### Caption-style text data
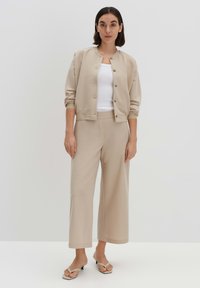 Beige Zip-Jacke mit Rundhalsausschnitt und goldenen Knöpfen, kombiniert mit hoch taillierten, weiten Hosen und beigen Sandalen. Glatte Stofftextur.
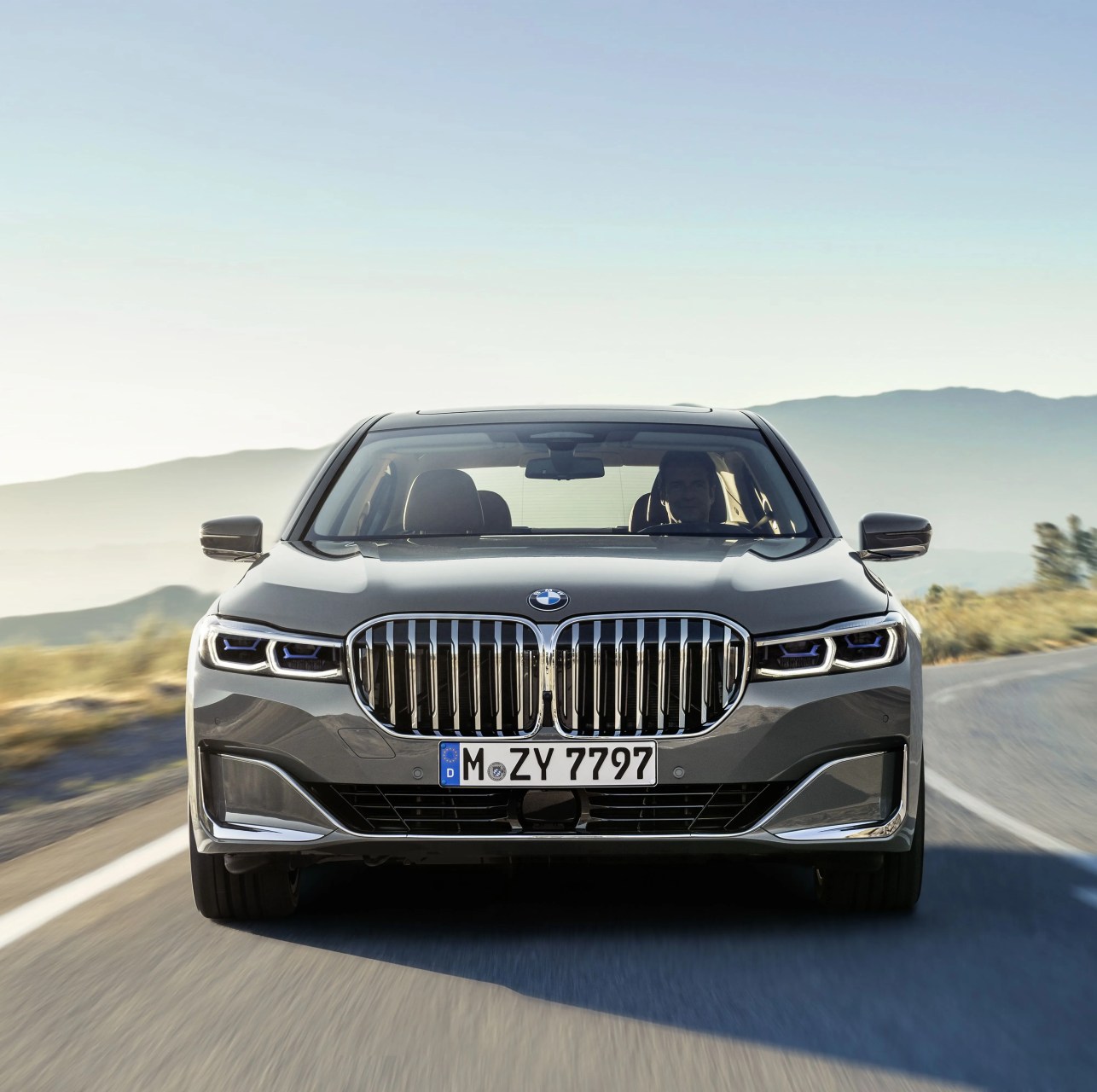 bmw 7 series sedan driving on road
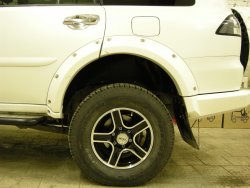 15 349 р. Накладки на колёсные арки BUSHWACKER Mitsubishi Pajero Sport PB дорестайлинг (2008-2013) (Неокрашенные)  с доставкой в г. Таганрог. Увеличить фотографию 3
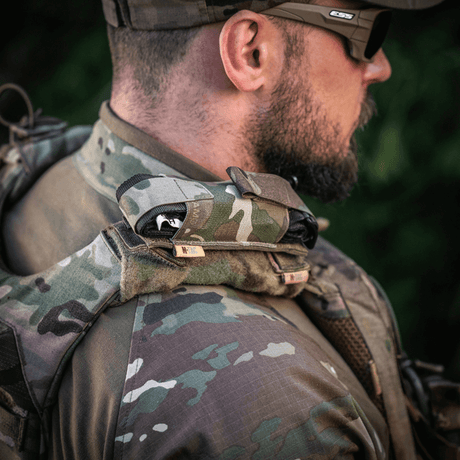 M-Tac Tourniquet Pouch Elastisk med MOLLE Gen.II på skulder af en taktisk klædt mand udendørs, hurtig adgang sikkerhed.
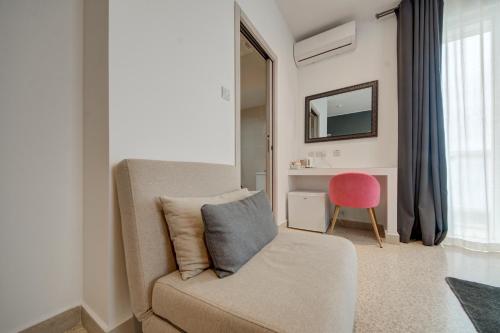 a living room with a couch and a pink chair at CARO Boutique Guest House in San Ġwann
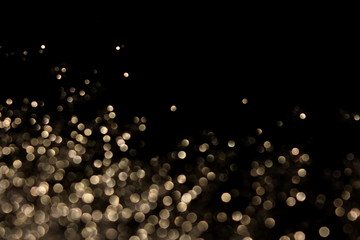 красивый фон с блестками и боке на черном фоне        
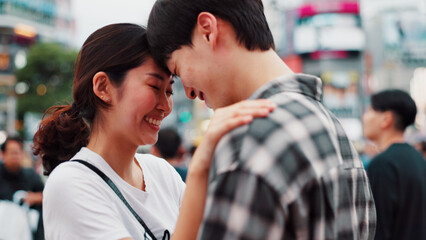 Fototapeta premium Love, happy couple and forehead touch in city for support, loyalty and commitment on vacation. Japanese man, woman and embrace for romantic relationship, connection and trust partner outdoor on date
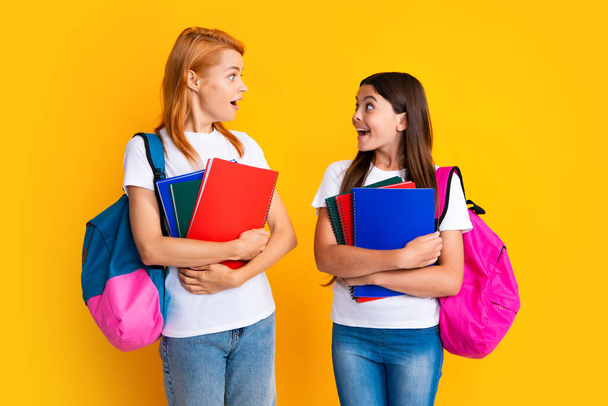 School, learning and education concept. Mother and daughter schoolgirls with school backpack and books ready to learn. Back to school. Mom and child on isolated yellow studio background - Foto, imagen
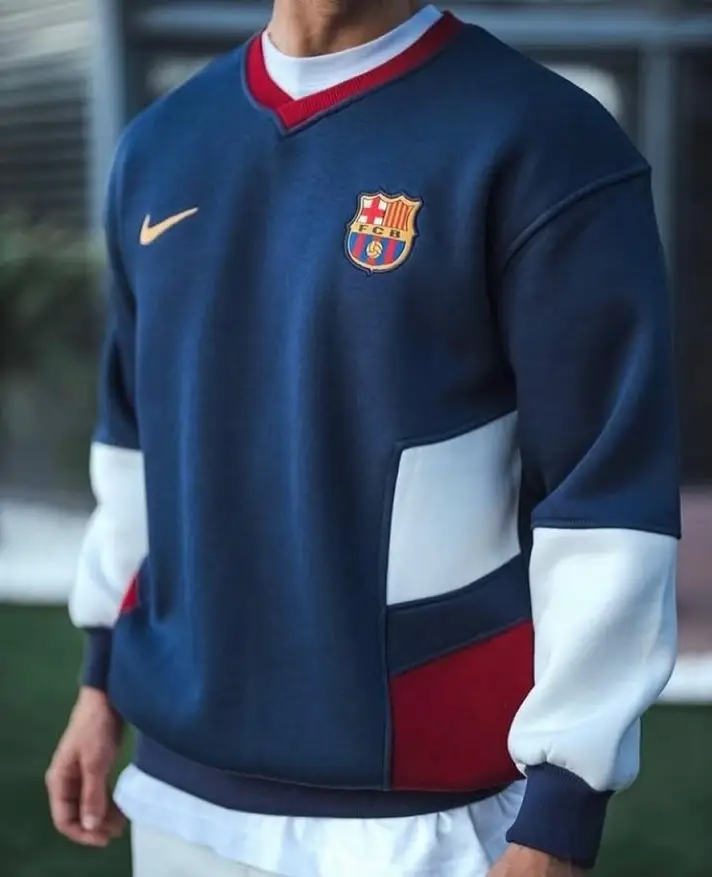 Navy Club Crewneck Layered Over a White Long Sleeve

### What to do
Restate the records above exactly, less any pictures.

### Response box
 Beige Zip-Jacke mit Rundhalsausschnitt und goldenen Knöpfen, kombiniert mit hoch taillierten, weiten Hosen und beigen Sandalen. Glatte Stofftextur.
 bmw 7 series sedan driving on road
 15 349 р. Накладки на колёсные арки BUSHWACKER Mitsubishi Pajero Sport PB дорестайлинг (2008-2013) (Неокрашенные)  с доставкой в г. Таганрог. Увеличить фотографию 3
 M-Tac Tourniquet Pouch Elastisk med MOLLE Gen.II på skulder af en taktisk klædt mand udendørs, hurtig adgang sikkerhed.
 a living room with a couch and a pink chair at CARO Boutique Guest House in San Ġwann
 красивый фон с блестками и боке на черном фоне        
 Fototapeta premium Love, happy couple and forehead touch in city for support, loyalty and commitment on vacation. Japanese man, woman and embrace for romantic relationship, connection and trust partner outdoor on date
 School, learning and education concept. Mother and daughter schoolgirls with school backpack and books ready to learn. Back to school. Mom and child on isolated yellow studio background - Foto, imagen
 Navy Club Crewneck Layered Over a White Long Sleeve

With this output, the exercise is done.